Personally, I find shortform to be an invaluable playground for ideas. When I get downvoted, it feels lower stakes. It's easier to ignore aloof and smugnorant comments, and easier to update on serious/helpful comments. And depending on how it goes, I sometimes just turn it into a regular post later, with a note at the top saying that it was adapted from a shortform.

If you really want to avoid smackdowns, you could also just privately share your drafts with friends first and ask for respectful corrections.

Spitballing other ideas, I guess you could phrase your claims as questions, like "have objections X, Y, or Z been discussed somewhere already? If so, can anyone link me to those discussions?" Seems like that could fail silently though, if an over-eager commenter gives you a link to low-quality discussion. But there are pros and cons for every course of action/inaction.

I was recently trying to figure out a way to calculate my P(Doom) using math. I initially tried just making a back of the envelope calculation by making a list of For and Against arguments and then dividing the number of For arguments by the total number of arguments. This led to a P(Doom) of 55%, which later got revised to 40% when I added more Against arguments.

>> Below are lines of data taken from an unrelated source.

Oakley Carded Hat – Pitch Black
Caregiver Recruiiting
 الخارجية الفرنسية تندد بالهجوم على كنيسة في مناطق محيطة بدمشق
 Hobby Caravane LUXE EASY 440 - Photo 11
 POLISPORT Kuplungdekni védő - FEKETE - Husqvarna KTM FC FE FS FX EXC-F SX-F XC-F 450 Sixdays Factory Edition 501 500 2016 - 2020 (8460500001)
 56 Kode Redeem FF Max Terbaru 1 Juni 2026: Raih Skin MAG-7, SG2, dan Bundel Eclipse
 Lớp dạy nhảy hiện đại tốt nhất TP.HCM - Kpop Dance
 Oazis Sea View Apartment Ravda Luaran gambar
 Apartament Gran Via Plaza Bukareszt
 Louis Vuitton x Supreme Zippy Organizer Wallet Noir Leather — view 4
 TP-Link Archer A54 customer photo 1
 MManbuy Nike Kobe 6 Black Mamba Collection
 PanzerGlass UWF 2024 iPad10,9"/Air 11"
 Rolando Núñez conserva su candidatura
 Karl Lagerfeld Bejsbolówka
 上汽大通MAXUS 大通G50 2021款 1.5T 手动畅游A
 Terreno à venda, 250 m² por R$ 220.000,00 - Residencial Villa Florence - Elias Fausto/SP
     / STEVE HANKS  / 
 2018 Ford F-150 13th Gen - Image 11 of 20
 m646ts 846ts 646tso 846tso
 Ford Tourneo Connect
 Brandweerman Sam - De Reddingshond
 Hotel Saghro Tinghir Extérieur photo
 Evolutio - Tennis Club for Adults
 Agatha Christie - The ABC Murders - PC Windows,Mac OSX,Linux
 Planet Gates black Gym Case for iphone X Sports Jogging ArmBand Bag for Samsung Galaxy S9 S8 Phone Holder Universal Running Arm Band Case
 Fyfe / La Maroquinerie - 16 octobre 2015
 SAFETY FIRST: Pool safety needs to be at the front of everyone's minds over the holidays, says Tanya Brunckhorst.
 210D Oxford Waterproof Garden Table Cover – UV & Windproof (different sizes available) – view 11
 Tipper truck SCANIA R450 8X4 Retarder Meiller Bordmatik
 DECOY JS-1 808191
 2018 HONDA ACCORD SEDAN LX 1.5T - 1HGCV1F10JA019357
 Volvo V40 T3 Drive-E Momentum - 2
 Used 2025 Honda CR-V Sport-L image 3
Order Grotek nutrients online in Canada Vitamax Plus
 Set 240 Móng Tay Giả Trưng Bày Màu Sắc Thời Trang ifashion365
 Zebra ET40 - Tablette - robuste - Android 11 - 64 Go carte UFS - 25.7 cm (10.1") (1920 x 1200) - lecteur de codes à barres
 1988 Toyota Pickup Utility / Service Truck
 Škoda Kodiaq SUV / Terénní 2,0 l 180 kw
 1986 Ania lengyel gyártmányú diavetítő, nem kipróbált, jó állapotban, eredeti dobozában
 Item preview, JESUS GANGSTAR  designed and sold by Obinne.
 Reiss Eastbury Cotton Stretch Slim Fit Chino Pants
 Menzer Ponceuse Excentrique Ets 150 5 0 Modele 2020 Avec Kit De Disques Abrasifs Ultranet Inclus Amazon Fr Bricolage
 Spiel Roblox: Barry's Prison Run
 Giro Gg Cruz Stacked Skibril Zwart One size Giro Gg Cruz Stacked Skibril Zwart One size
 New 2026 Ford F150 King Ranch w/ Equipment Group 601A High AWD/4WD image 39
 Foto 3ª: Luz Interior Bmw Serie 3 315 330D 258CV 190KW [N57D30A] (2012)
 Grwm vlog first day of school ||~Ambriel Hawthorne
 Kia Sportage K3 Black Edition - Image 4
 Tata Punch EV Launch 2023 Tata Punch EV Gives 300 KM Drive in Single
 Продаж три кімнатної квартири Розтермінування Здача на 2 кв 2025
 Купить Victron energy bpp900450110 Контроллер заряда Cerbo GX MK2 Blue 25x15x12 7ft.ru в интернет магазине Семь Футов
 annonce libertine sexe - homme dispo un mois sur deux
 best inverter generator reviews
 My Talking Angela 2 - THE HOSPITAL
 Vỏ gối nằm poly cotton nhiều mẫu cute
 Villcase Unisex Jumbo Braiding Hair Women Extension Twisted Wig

I also looked into using Bayes Theorem and actual probability calculations, but determining P(E | H) and P(E) to input into P(H | E) = P(E | H) * P(H) / P(E) is surprisingly hard and confusing.

So, I had a thought.  The glory system idea that I posted about earlier, if it leads to a successful, vibrant democratic community forum, could actually serve as a kind of dataset for value learning.  If each post has a number attached to it that indicates the aggregated approval of human beings, this can serve as a rough proxy for a kind of utility or Coherent Aggregated Volition.

Given that individual examples will probably be quite noisy, but averaged across a large amount of posts, it could function as a real world dataset, with the post content being the input, and the post's vote tally being the output label.  You could then train a supervised learning classifier or regressor that could then be used to guide a Friendly AI model, like a trained conscience.

This admittedly would not be provably Friendly, but as a vector of attack for the value learning problem, it is relatively straightforward to implement and probably more feasible in the short-run than anything else I've encountered.

Another thought is that maybe Less Wrong itself, if it were to expand in size and become large enough to roughly represent humanity, could be used as such a dataset.